Karel Cudlín (born 28 June 1960) is a Czech photographer.

== Career ==
Cudlín was born in Prague and started taking photographs in his teens. Borrowing his father's Exakta and supported by his uncle, a photography enthusiast, Cudlín soon started photographing the Romani people of Žižkov, the suburb where he lived. Cudlín attended a social work school that, combined with a short stint in a low-grade job, provided him with the proletarian credentials needed to join the Fotografia cooperative. The cooperative sent him to a ballroom in the Lucerna area where he overcame considerable technical difficulties in photographing young people at night. A third area that he explored was Communist Party rituals.

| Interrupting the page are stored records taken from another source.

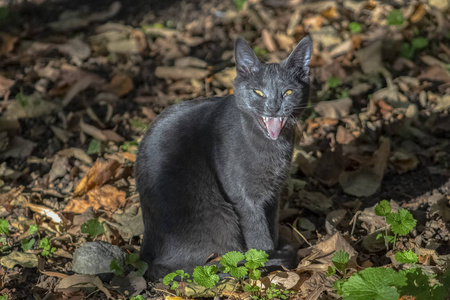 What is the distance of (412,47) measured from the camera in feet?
16.3

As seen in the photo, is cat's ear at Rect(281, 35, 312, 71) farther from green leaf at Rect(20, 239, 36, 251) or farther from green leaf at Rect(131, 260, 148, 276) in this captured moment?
green leaf at Rect(20, 239, 36, 251)

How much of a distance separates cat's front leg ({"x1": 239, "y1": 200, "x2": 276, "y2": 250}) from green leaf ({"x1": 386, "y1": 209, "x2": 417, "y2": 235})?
26.2 inches

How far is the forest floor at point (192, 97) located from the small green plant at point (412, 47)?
13mm

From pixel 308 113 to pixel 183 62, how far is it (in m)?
1.27

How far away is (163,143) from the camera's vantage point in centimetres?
313

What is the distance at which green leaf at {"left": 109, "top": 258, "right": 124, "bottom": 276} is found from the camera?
3.00 m

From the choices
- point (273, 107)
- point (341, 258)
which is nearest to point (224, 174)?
point (273, 107)

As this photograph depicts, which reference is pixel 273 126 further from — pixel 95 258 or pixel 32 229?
pixel 32 229

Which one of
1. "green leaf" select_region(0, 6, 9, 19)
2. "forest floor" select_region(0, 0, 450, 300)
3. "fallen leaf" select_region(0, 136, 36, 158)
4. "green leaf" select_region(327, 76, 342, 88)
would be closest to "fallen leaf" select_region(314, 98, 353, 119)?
"forest floor" select_region(0, 0, 450, 300)

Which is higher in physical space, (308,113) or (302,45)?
(302,45)

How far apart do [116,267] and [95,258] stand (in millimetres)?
130

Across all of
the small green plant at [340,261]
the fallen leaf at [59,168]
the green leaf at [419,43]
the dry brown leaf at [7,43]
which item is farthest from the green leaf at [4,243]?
the green leaf at [419,43]

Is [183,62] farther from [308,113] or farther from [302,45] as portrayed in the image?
[302,45]

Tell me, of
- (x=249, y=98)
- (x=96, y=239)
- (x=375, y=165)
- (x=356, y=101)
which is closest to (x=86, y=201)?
(x=96, y=239) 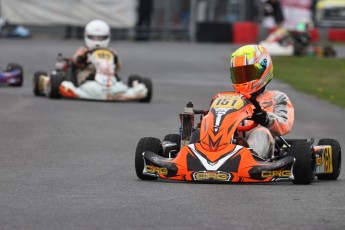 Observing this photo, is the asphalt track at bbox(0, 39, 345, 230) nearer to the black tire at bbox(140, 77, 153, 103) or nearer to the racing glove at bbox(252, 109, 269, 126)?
the black tire at bbox(140, 77, 153, 103)

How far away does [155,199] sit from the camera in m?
8.34

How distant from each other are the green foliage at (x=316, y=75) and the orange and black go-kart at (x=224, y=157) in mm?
9977

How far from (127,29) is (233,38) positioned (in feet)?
12.2

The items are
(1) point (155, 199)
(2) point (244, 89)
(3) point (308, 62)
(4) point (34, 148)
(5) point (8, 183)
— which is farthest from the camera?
(3) point (308, 62)

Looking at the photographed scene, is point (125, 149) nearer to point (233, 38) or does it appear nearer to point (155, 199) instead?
point (155, 199)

After a year at Lidová škola umění, Cudlín was in 1983 admitted to FAMU, which was very free by Czechoslovak standards of the time. He graduated in 1987, and soon found work at the weekly Mladý svět. During the summer of 1989, Cudlín made a cycle of photographs depicting East Germans escaping from their country with the help of the West German embassy in Prague. Following the Velvet Revolution and subsequent democratization of Czechoslovakia, he embarked on a series of relationships with other Czechoslovak media sources, among them the newspapers Prostor and Lidové noviny and the ČTA agency. After ČTA closed in 1996, Cudlín became a freelance photographer. Additionally, he has worked as one of the personal photographers of the former Czech President Václav Havel.

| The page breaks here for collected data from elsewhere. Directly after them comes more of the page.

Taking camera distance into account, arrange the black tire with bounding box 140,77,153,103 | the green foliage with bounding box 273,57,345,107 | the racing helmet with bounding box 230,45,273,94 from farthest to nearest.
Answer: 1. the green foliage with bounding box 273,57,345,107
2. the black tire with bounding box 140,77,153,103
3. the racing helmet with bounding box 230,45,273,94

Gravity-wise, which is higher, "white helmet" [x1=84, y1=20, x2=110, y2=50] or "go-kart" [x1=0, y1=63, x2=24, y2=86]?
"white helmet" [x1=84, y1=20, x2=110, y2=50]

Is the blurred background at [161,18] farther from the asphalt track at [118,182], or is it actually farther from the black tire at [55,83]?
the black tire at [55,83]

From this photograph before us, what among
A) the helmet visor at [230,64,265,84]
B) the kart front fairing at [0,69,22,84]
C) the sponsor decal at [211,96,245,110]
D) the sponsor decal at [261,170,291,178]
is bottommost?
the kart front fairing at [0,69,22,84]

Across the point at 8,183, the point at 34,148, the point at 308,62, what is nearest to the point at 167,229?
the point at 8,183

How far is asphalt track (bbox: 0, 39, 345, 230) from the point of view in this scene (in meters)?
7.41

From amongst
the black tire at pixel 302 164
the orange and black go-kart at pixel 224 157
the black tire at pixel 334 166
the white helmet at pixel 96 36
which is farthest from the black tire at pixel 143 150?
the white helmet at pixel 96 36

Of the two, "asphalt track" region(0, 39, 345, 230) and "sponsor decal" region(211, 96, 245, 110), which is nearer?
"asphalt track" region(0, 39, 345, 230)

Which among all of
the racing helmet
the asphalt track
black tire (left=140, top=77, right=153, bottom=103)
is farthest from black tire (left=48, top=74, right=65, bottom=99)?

Cudlín's new themes included refugees, Israel, the lingering Soviet forces within Czechoslovakia, Valdice prison, and, by accident, Ukraine (a putsch had interrupted Cudlín and Vojta Dukát's plan to go to Moscow). He has continued with a small number of long-term projects (Ukrainian workers in Prague, hypermarkets), photographed in black and white.

== Awards ==
Cudlín has won seven awards in the major photographic competition in the Czech Republic, Czech Press Photo.

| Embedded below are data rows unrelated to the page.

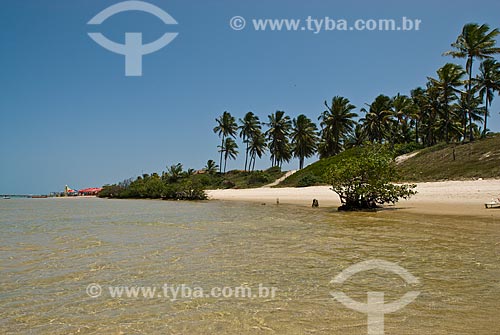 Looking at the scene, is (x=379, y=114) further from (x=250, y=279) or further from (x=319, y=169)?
(x=250, y=279)

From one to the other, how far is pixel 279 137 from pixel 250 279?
60465 mm

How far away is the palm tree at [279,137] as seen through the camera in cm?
6519

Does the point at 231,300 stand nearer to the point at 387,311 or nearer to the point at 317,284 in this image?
the point at 317,284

==Books of Cudlín's works==

- Photographie. Prague: Torst, 1994.
- (With Jindřich Marco.) Izrael (50). Prague: Argo, 1998. ISBN 80-7203-183-X.
- Silverio, Robert. Karel Cudlín. Prague: Torst, 2001. ISBN 80-7215-148-7 Text in Czech and English.
- (With Pavla Jazairiová.) Izrael a Palestina, Palestina a Izrael. V Praze: Radioservis, 2001. ISBN 80-86212-18-1.
- (With Tomki Němec.) Havel - fotografie = Havel - photographs. Liberec: Knihy 555, 2002. ISBN 80-86660-03-6.
- (With Monika MacDonagh-Pajerová.) Portrét české společnosi na prahu Evropy = Portrait of Czech society in the threshold of Europe. Brno: Petrov, 2004. ISBN 80-7227-190-3.